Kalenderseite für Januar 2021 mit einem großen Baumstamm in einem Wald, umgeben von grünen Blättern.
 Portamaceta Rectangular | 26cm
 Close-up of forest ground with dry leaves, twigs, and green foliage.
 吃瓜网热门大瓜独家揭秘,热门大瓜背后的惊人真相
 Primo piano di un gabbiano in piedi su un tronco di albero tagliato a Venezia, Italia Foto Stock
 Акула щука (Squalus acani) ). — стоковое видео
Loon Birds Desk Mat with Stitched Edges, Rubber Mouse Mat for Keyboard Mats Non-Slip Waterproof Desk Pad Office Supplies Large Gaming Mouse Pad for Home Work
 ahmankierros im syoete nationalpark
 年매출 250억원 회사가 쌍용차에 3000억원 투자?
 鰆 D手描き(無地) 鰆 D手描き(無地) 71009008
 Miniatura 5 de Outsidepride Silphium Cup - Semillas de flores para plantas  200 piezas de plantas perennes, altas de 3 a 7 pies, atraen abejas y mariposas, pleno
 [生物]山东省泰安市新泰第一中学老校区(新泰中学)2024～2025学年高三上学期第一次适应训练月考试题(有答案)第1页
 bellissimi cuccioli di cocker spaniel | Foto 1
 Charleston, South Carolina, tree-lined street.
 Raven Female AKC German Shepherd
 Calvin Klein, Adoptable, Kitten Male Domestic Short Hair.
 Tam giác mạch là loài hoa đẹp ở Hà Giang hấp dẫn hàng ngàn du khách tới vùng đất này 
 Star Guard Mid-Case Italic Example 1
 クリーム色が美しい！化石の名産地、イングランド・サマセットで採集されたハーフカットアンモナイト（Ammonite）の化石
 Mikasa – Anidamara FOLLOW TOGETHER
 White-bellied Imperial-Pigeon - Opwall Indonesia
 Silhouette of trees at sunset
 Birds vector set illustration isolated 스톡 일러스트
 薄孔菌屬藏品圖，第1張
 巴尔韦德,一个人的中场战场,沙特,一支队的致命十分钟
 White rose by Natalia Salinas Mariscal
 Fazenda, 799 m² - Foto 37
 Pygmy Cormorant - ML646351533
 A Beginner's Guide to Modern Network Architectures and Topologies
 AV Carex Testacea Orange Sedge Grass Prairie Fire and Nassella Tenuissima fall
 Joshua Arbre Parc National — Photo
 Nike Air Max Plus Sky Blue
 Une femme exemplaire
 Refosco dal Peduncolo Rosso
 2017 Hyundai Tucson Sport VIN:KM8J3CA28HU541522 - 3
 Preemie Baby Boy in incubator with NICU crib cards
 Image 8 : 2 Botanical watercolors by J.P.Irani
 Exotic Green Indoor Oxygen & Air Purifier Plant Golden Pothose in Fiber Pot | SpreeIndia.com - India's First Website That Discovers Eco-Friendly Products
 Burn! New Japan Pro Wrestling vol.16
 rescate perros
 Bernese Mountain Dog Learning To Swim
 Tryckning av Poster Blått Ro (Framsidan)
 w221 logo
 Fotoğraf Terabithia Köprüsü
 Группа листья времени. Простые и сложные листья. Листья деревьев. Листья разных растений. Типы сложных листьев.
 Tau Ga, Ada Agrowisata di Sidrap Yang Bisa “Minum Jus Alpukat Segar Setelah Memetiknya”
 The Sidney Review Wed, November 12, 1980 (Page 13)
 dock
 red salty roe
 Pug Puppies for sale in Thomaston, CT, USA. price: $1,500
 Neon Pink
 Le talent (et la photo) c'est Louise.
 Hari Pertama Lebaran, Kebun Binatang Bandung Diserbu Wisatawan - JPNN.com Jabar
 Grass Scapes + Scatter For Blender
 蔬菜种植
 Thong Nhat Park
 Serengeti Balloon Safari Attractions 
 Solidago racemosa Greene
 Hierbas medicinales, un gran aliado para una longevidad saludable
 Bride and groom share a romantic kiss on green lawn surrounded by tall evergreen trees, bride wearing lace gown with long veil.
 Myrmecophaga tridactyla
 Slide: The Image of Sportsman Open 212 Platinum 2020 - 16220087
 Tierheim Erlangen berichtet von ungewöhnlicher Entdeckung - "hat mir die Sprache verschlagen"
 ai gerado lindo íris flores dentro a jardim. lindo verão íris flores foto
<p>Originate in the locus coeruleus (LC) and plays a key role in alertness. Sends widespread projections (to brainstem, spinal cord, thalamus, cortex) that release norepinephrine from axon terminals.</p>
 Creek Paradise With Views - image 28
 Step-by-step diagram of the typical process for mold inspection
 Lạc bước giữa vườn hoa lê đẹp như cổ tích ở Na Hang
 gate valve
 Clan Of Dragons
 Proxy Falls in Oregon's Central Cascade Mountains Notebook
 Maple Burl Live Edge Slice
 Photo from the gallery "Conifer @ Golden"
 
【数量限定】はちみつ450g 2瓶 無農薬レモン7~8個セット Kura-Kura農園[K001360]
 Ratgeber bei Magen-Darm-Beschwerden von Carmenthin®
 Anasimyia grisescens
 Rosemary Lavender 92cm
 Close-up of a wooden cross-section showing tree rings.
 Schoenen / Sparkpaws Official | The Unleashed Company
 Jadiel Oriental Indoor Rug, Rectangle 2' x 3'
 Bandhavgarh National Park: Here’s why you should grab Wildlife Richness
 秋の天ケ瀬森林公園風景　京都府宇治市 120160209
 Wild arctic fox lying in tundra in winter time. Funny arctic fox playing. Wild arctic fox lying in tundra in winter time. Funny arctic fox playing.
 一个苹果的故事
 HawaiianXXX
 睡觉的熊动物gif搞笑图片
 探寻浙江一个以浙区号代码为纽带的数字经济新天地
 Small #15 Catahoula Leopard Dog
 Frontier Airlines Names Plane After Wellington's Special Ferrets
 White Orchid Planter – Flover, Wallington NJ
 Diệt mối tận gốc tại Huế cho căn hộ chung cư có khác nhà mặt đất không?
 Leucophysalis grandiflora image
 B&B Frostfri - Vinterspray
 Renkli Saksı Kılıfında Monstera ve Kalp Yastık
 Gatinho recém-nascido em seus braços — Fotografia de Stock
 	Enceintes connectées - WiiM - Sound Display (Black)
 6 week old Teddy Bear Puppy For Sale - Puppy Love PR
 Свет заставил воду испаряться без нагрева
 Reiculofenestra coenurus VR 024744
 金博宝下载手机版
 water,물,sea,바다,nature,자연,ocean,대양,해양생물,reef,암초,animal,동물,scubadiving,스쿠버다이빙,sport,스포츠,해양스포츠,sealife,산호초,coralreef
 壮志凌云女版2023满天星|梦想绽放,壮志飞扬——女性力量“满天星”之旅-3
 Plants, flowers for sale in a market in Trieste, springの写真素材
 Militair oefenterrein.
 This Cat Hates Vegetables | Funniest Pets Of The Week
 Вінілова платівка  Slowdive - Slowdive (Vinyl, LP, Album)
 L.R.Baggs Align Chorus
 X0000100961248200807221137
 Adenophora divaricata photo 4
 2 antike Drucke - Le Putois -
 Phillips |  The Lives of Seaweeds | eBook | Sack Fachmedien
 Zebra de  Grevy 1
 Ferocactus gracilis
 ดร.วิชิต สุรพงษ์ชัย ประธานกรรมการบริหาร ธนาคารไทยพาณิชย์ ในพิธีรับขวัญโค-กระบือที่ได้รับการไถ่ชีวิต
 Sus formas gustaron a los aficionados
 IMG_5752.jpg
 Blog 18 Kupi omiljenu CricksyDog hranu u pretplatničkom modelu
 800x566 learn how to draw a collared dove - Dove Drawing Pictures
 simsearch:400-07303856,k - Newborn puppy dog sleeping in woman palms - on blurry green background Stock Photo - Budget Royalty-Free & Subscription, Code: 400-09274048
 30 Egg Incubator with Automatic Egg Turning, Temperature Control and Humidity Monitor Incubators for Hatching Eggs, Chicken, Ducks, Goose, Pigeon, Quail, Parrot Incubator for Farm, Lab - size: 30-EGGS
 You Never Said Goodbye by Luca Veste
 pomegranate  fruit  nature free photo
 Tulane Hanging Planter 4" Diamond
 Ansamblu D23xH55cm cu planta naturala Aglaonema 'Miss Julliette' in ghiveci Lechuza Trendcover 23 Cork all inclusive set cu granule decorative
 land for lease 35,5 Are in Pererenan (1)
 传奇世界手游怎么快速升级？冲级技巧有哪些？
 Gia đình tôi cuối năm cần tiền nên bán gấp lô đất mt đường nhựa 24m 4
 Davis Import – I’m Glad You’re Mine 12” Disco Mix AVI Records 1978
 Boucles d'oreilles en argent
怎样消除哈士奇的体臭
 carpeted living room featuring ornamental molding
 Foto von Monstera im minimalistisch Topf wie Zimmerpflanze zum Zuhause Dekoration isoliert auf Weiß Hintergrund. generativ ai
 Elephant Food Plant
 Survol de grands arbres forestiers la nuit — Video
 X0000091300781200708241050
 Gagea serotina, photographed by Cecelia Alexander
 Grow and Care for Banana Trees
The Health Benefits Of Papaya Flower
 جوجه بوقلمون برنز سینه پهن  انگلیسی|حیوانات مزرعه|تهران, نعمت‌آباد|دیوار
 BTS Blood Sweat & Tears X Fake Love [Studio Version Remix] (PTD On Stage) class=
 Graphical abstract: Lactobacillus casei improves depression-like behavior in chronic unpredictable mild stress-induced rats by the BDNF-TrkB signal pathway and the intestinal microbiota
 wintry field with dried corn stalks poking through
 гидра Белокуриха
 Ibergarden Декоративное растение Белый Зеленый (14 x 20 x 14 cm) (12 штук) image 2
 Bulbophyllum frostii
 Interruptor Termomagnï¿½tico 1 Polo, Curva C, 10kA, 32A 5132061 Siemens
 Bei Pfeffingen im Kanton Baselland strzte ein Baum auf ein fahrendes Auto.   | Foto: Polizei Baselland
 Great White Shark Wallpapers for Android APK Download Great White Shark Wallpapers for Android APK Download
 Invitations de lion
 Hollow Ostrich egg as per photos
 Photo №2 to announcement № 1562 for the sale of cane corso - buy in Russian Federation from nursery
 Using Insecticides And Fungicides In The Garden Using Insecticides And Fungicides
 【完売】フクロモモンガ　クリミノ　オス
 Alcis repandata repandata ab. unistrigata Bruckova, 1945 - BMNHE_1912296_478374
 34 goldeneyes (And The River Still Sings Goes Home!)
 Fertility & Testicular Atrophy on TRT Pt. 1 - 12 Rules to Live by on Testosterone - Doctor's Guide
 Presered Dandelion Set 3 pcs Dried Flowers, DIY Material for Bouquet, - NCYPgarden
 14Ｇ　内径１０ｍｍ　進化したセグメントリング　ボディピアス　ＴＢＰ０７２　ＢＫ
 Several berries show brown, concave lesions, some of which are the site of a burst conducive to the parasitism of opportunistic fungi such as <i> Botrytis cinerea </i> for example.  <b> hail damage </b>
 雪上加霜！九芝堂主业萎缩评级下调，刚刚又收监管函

Action item
Leave out every line above except those from the line with "eBook | Sack Fachmedien" up to and including the line with "Gia đình tôi", and copy those exactly.

Problem solution
 Phillips |  The Lives of Seaweeds | eBook | Sack Fachmedien
 Zebra de  Grevy 1
 Ferocactus gracilis
 ดร.วิชิต สุรพงษ์ชัย ประธานกรรมการบริหาร ธนาคารไทยพาณิชย์ ในพิธีรับขวัญโค-กระบือที่ได้รับการไถ่ชีวิต
 Sus formas gustaron a los aficionados
 IMG_5752.jpg
 Blog 18 Kupi omiljenu CricksyDog hranu u pretplatničkom modelu
 800x566 learn how to draw a collared dove - Dove Drawing Pictures
 simsearch:400-07303856,k - Newborn puppy dog sleeping in woman palms - on blurry green background Stock Photo - Budget Royalty-Free & Subscription, Code: 400-09274048
 30 Egg Incubator with Automatic Egg Turning, Temperature Control and Humidity Monitor Incubators for Hatching Eggs, Chicken, Ducks, Goose, Pigeon, Quail, Parrot Incubator for Farm, Lab - size: 30-EGGS
 You Never Said Goodbye by Luca Veste
 pomegranate  fruit  nature free photo
 Tulane Hanging Planter 4" Diamond
 Ansamblu D23xH55cm cu planta naturala Aglaonema 'Miss Julliette' in ghiveci Lechuza Trendcover 23 Cork all inclusive set cu granule decorative
 land for lease 35,5 Are in Pererenan (1)
 传奇世界手游怎么快速升级？冲级技巧有哪些？
 Gia đình tôi cuối năm cần tiền nên bán gấp lô đất mt đường nhựa 24m 4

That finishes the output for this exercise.